Algo de todo ello había en la escritura que Enrique practicaba en Prosa y circunstancia (título con ecos orteguianos), y que tanto debía a la gran literatura inglesa. No es ningún secreto (ahí están los textos) que tanto él como Rossi (discípulo de Ortega) profesaban una atemperada anglofilia (cabría destacar aquí, que no era sino con el feroz Dr. Johnson que se iniciaba el Manual). Escribía Enrique en su libro, acerca de dicha cuestión:

Y en efecto, los ingleses piensan tal como tratan con el ultramar, encerrados en esas pequeñas colonias comerciales que fundan, como islas, en el margen de los territorios que ambicionan o junto a esos grandes sistemas de pensamiento a los que, como los continentes que jamás han logrado consolidar, observan de lejos y que, si es preciso, pueden abandonar de un día para el otro tal como llegaron, echándose al mar (Lynch, 1997: 22).
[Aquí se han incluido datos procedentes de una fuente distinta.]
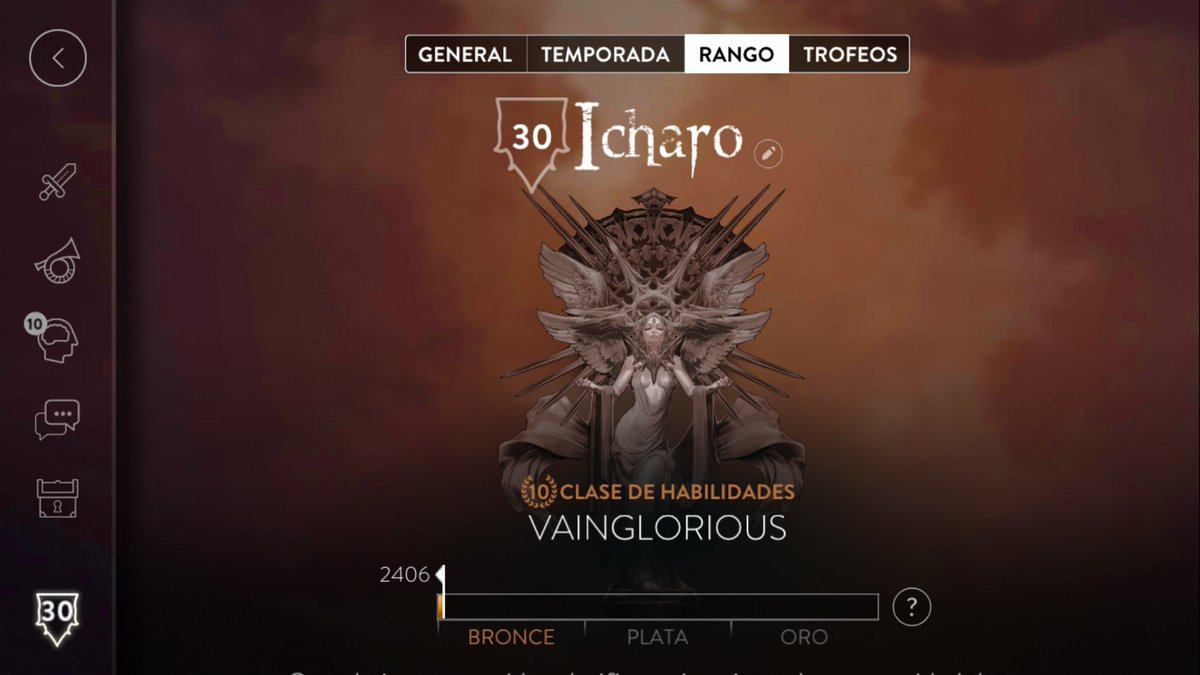 TeamProjectHawk's tweet image. [@VaingloryES] [#Oficial]

Nuestro compañero @Icharo9914 ha llegado recientemente a rango 10, ¡Felicidades!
Este pasaje, que glosa de forma admirable la escritura ensayística, nos da a su vez muestras de su honestidad (que le llevaba a rechazar la máscara del intelectual académico). Como muestra de su generosidad, además, diré que, cuando entré a formar parte del grupo de Las Nubes, hace aproximadamente cinco años, no recuerdo que nunca me pidiera nada a cambio, ni que compartiera sus opiniones sobre política, filosofía o estética. Tan solo el compromiso de ir realizando las lecturas que se iban proponiendo y una cierta disponibilidad para acudir a las sesiones que por aquel entonces celebrábamos en casa de Pepa (cómo la echamos de menos también). Sin embargo, sí que nos había advertido en alguna ocasión que teníamos que acabar los artículos que fuéramos elaborando con nuestras propias palabras. Si nos habíamos tomado la molestia de escribirlos, no era de recibo cederle la palabra a otro para que los clausurara. Permítaseme entonces que, desoyendo por una vez su consejo, concluya este texto diciendo que una de las premisas que encontramos planeando sobre su obra (y me temo que en este escrito también) es aquello que dejo escrito en forma de tweet hace algunas semanas: “Pensar no es más que memoria (des)organizada”.

 

David Torrella
Barcelona, 13 de noviembre de 2020

 

Bibliografía citada

Lynch, Enrique (1997). Prosa y circunstancia. Barcelona: Editorial Anagrama.
Rossi, Alejandro (1997). Manual del distraído. Barcelona: Editorial Anagrama.